Activity on Twitter mirrored general election voting as Sinn Féin was the most talked-about political party in tweets on polling day and Mary Lou McDonald the most talked-about leader.

Data released by the social media network show that Leo Varadkar and Fine Gael were the second most talked-about on election day followed by Micheál Martin and Fianna Fáil.

Tweet volumes were 43 per cent higher during the three weeks of campaigning in the 2020 election compared with the 2016 general election, according to the statistics from Twitter.

The network recorded three peaks in conversations on the social network during the election campaign: when the election was called on January 14th, during the RTÉ Leaders’ Debate on January 27th, and then on polling day itself, February 8th when the highest peak was recorded.

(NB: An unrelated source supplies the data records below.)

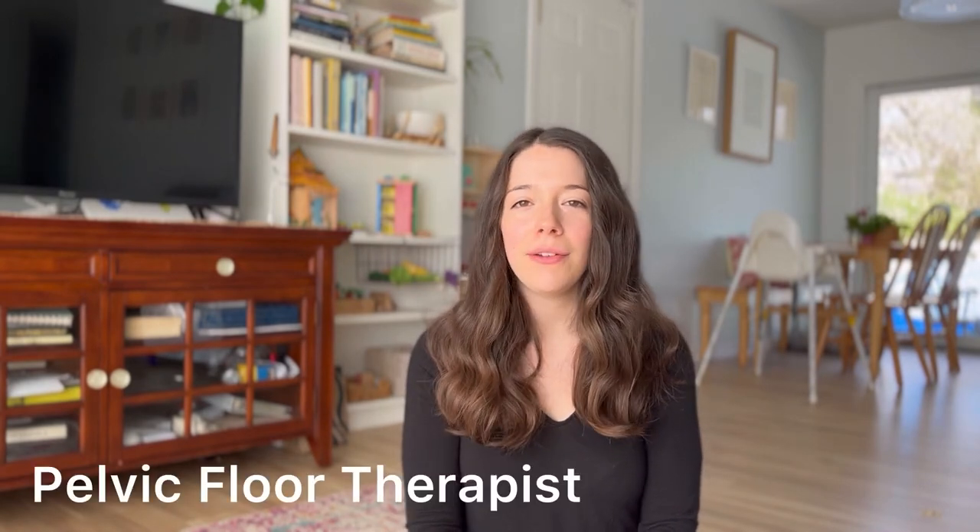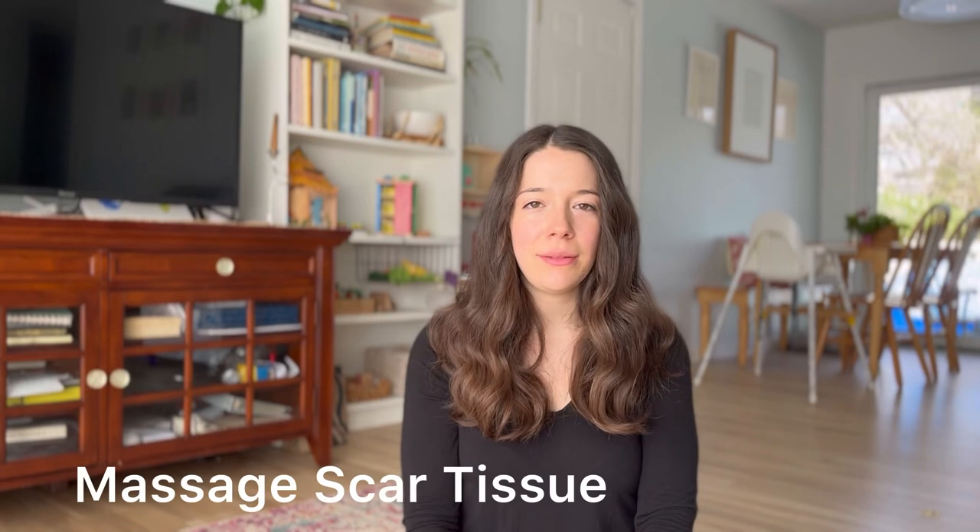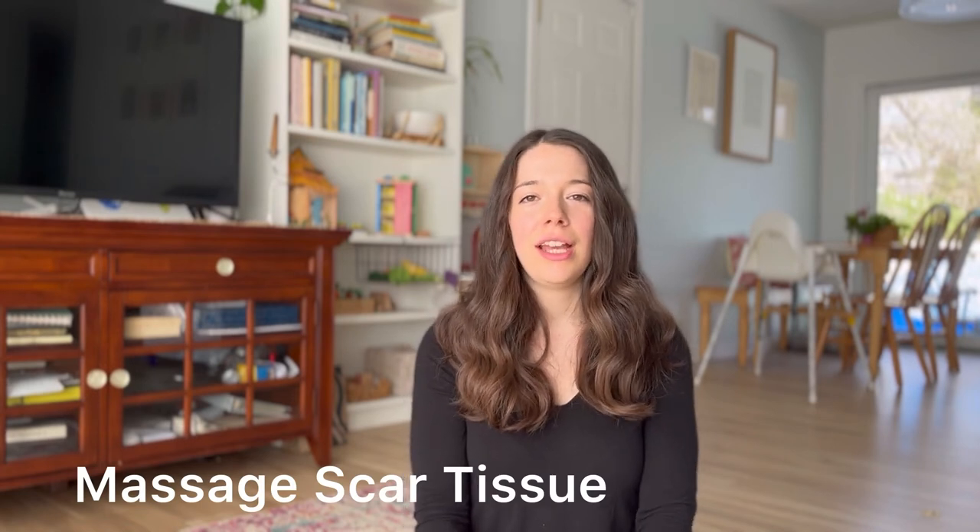Fourteen is to see a pelvic floor therapist. They know about lichen sclerosis and can help you work on your gut and on any scar tissue you may have. Fifteen is to lightly massage any scar tissue — just lightly press on it and massage that tissue to break it up. It can really help relax that tissue so it doesn't feel so tight, especially if you're going to be intimate. I suggest pressing on it a little bit before intimacy to help your body relax.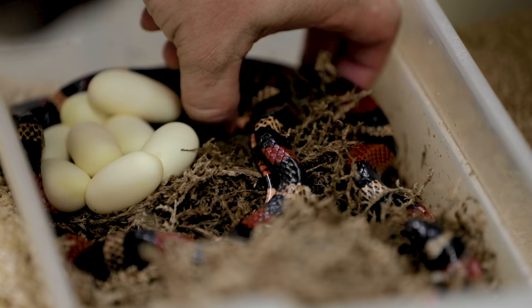Hey, good morning everybody and welcome to the vlog. I hope the start of your day is amazing. We're gonna jump right into things with some colubrid clutches if you don't mind.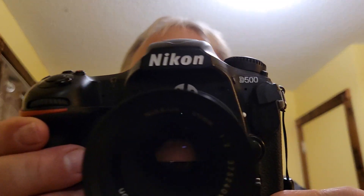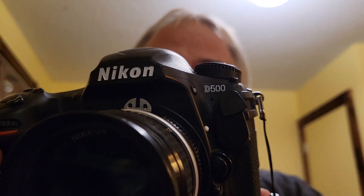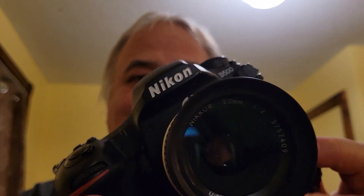Welcome back to the channel everyone. How's it going? Another wintery day. I was out doing some winter photography using the D500 and a special lens.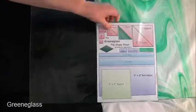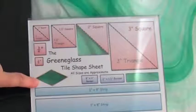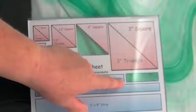To give you an idea of what it looks like cut up, here's our tile shape sheet, and here's our diamond. Here's our two inch triangle and our largest border piece.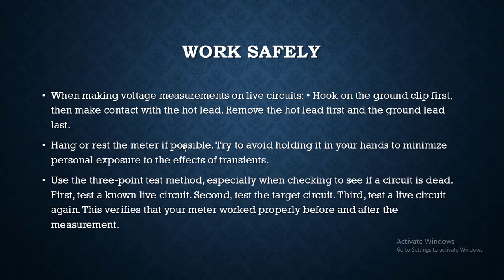When making voltage measurements on live circuits, hook the ground clip first, then make contact with the hot lead. To disconnect, remove the hot lead first and then the ground lead last. Hang or rest the meter if possible to minimize possible exposure to the effects of transients.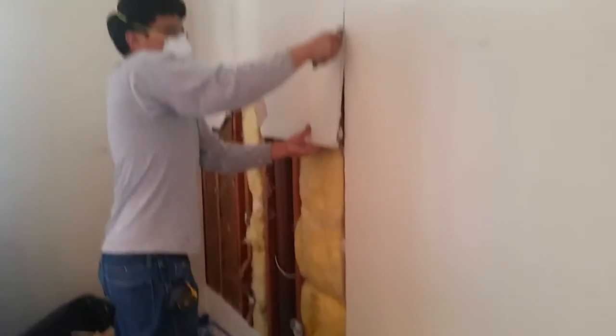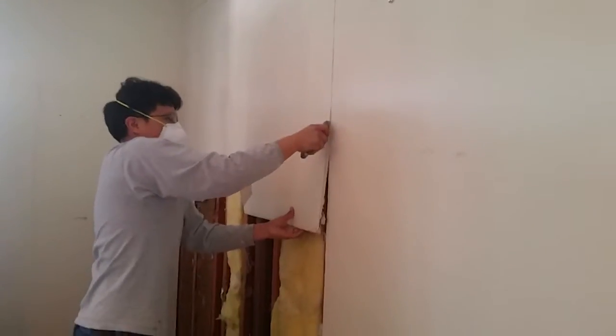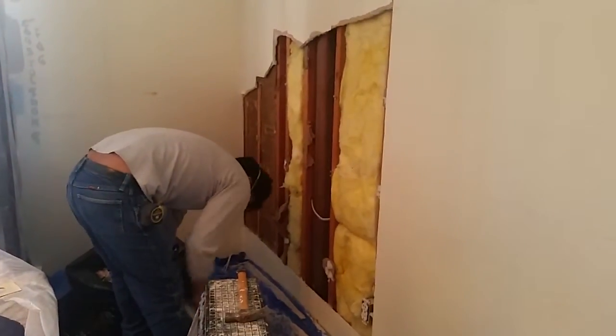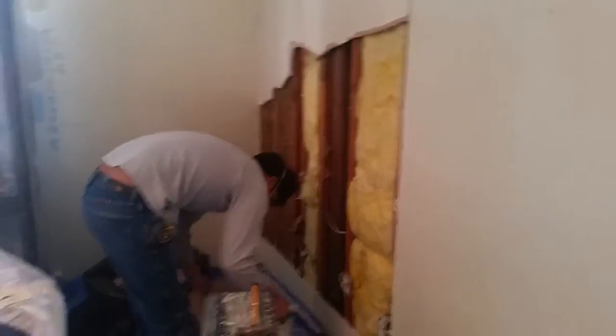We're insulating one room for sound. We're actually just doing where the bathroom is in this room, because this happens to be a dining room. So we're going to insulate with the Rulux insulation so we don't hear people in the bathroom.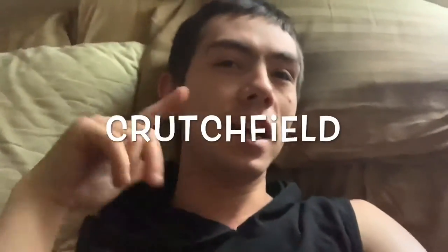And other than that, it's been Crutchfield. You're the Crutchfield fam, and I'm signing out. Peace.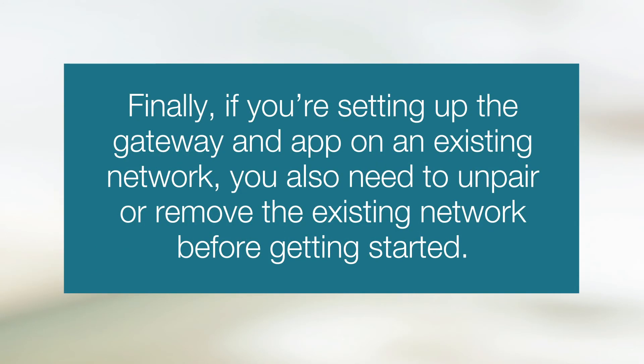Finally, if you're setting up the gateway and app on an existing network, you'll also need to unpair or remove the existing network before getting started.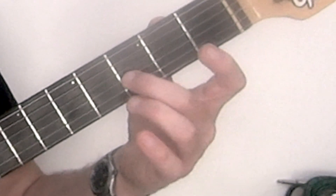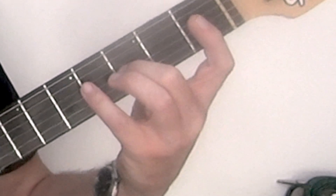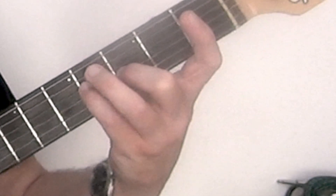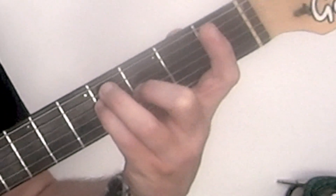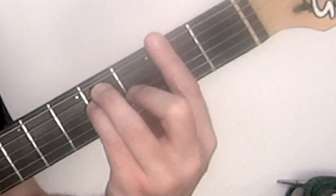We need to put the 2nd finger on the 3rd fret 3rd string, 4th finger on the 4th fret 4th string, 3rd finger on the 4th fret 5th string, and then bar across every string at the 2nd fret.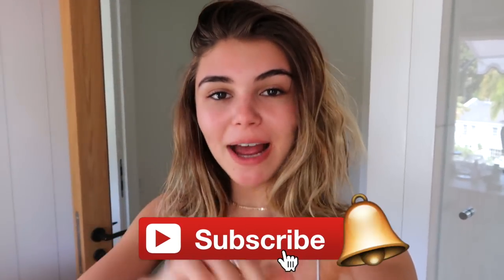Hi guys, welcome back to my YouTube channel. I'm Olivia Jade. If you're new here, what's up? You should subscribe. I'm doing a vlog-style night routine, weekend edition — whatever I'm going to call it. I don't know. And yeah, I just thought I'd bring y'all along.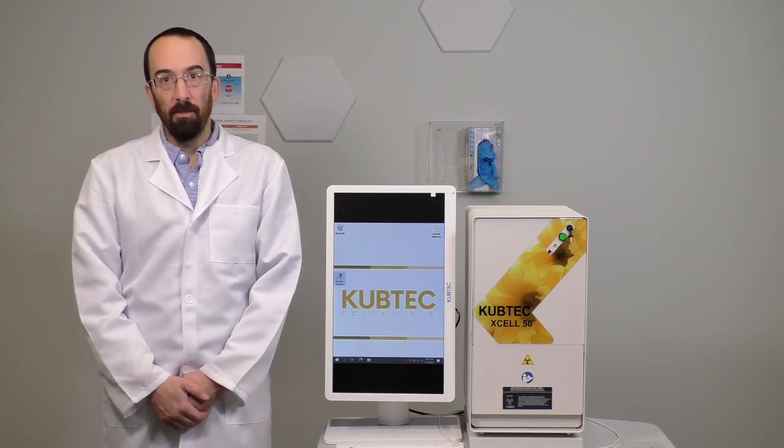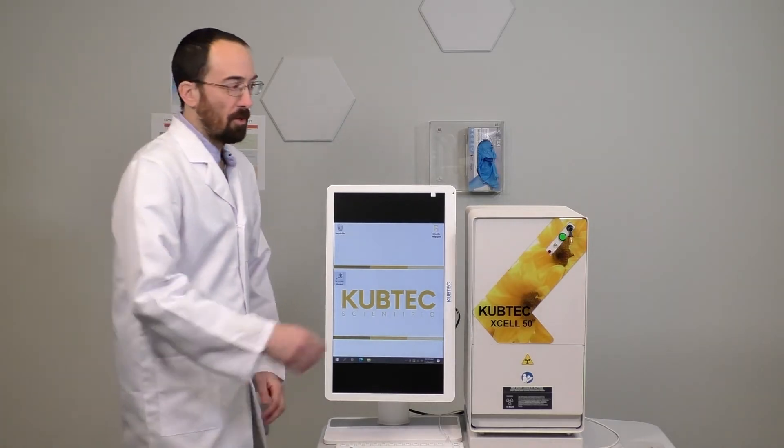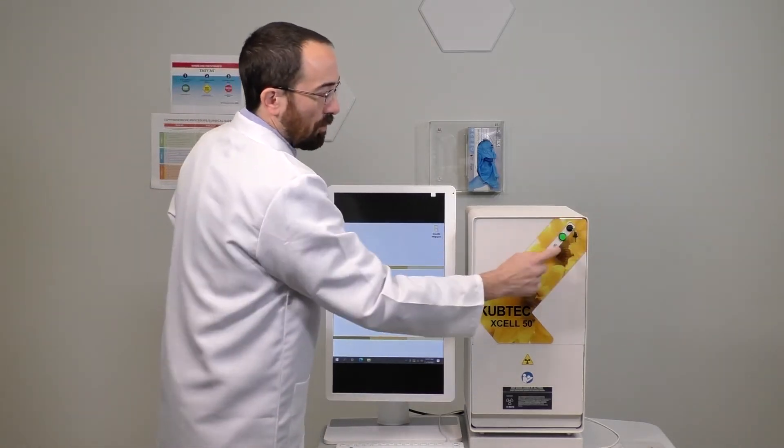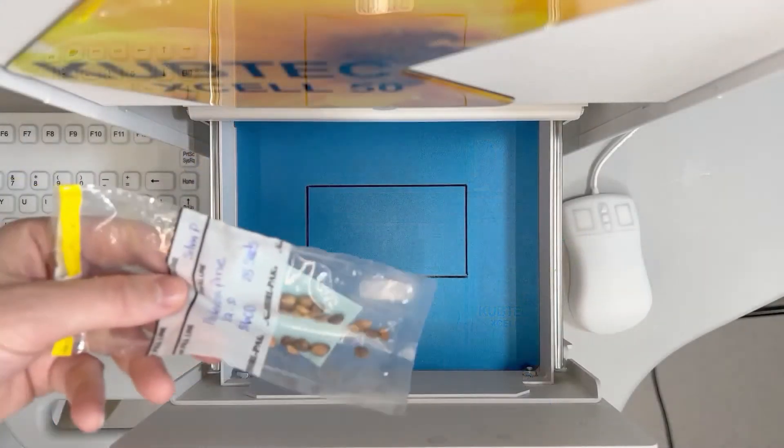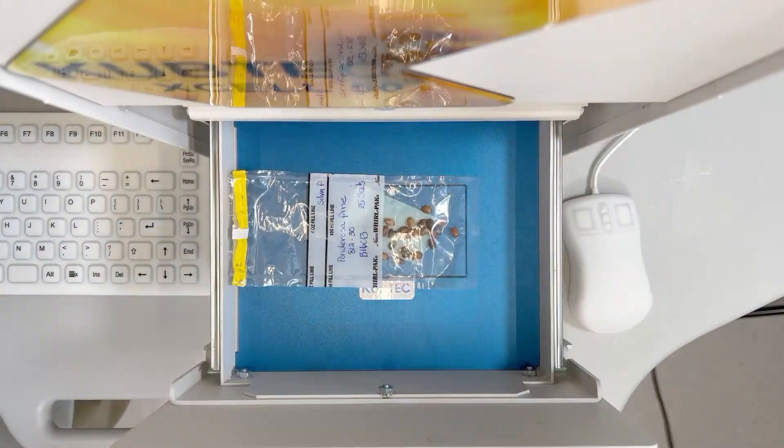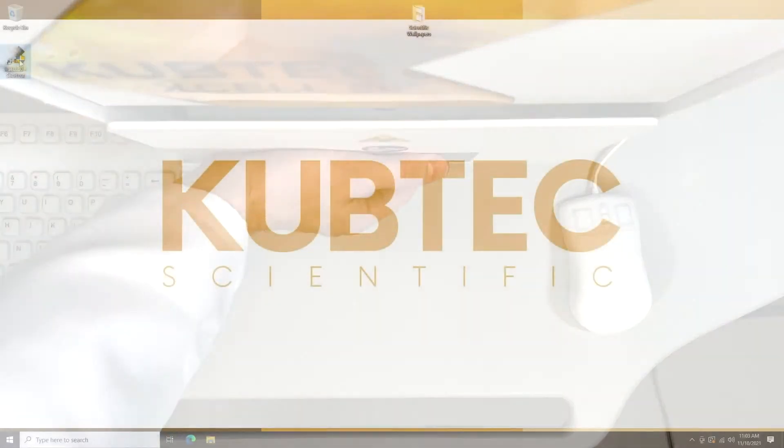The XL50 is extremely easy to use. Simply turn the key, press the green button, and you are now ready to go. Put the sample in, and then click on our proprietary XL50 Digisource software.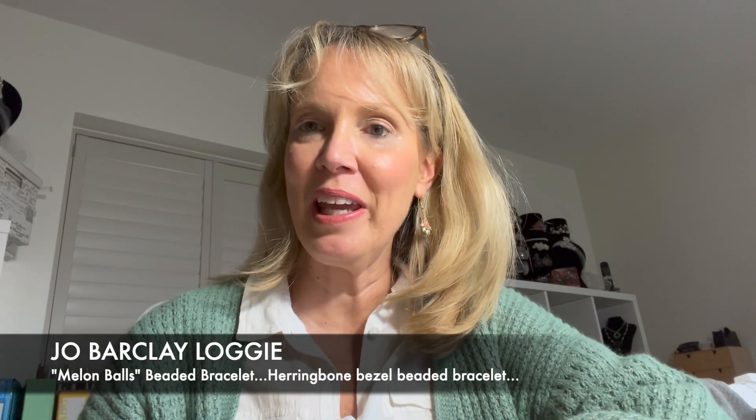Hi everyone, I'm Jo Barclay-Logie. If we haven't met yet, pleasure to meet you. Today we are looking at making a really simple bracelet — simple and elegant. Sometimes less is more, and in this case it is the truth. I made a bracelet to match the earrings that I'm wearing today. So there's a video for the earrings and there is now going to be a video for the bracelet. It's really simple but it's really sweet. Layer it up with other bracelets or bangles and it will look truly stunning. So here it is.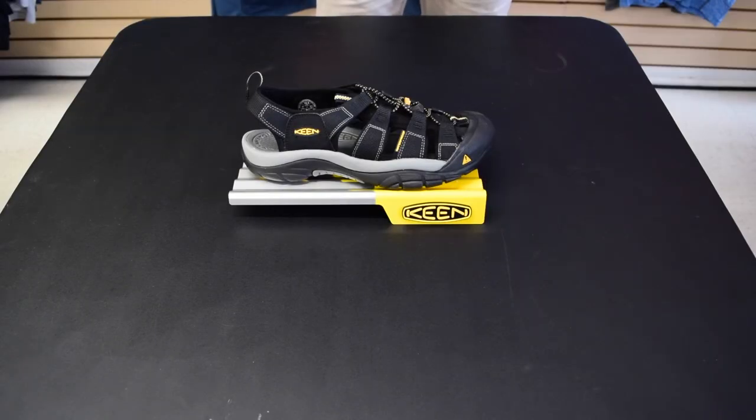The legendary Newport H2 is what made Keen famous. We're here to show you what makes it so good.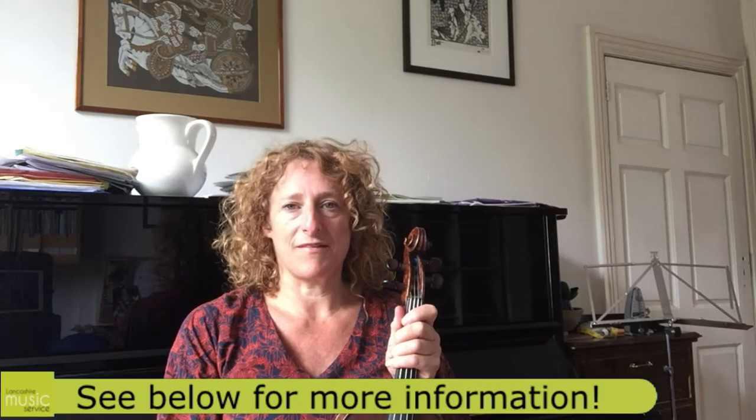Hi there, I'm Jane Lawrence. I'm based in Lancaster. I teach violin and piano and I run the folk group Folkasaurus at the Lancaster Music Centre on Thursdays.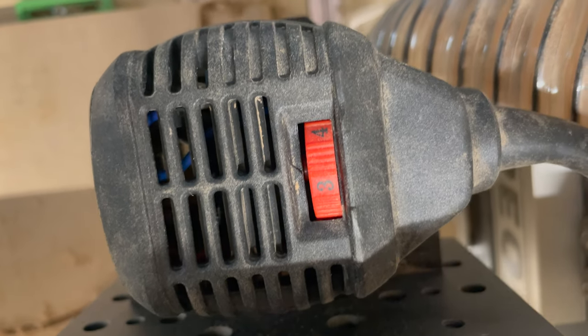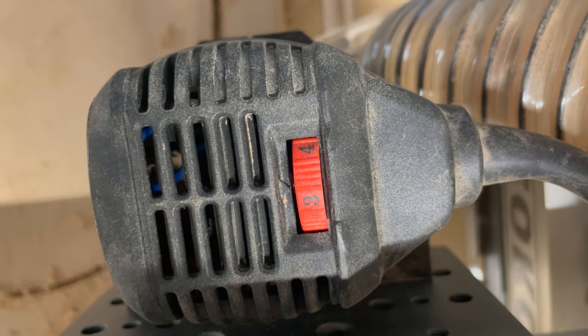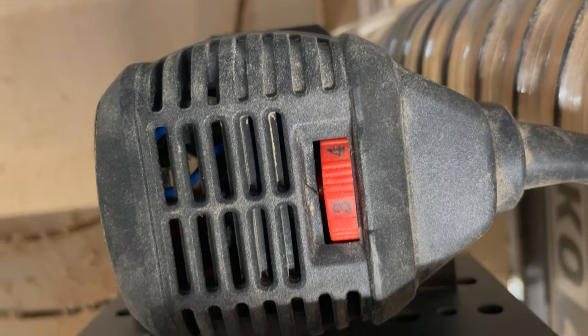So if you're ever wondering when do I need to change the brushes on my router, this is one good way to tell.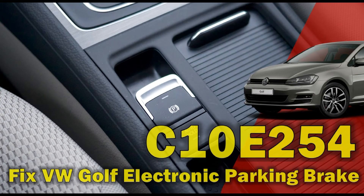Hello and welcome to the Automotive Diagnosis YouTube channel. In this video I will show you how to fix the C10E254 fault code on Volkswagen Golf electronic parking brake. Please stay with us until the end of the video and subscribe to the channel for more videos.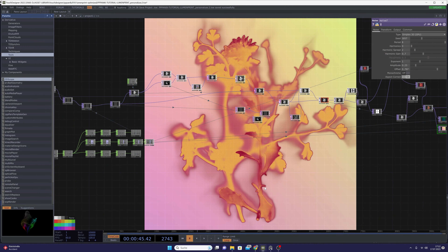This is your Captain Panic speaking and welcome back to another TouchDesigner tutorial. I kind of took a very long nap and didn't record any tutorials recently, and that has a lot of reasons. One reason is that I just needed a break, and it's very important to take breaks sometimes.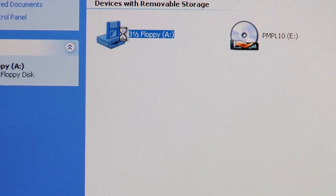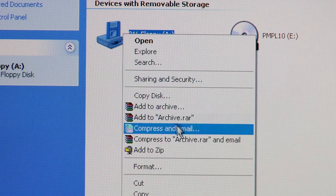You'll go to the floppy disk drive icon, right-click, and go down and select Format in the list.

The media company said that there were 758 tweets posted in the 60 seconds after the release of the Ipsos/MRBI exit poll for The Irish Times, RTÉ, TG4 and UCD just after 10pm on Saturday.

Within the first half-hour of polls closing, there were 16,000 tweets on the general election posted under the “#GE2020” hashtag.

‘Healthy debate’

“Throughout #GE2020 in Ireland, there was a consistently high level of positive and healthy political debate on Twitter between candidates, parties, voters, journalists, civil society groups and interested election-watchers,” said Ronan Costello, Twitter’s public policy manager for Europe.

The social network prohibited political and issue-based advertising on its service and offered safety and security training to political parties and candidates showing them tools such as the mute, block and report functions as well as security tips and techniques.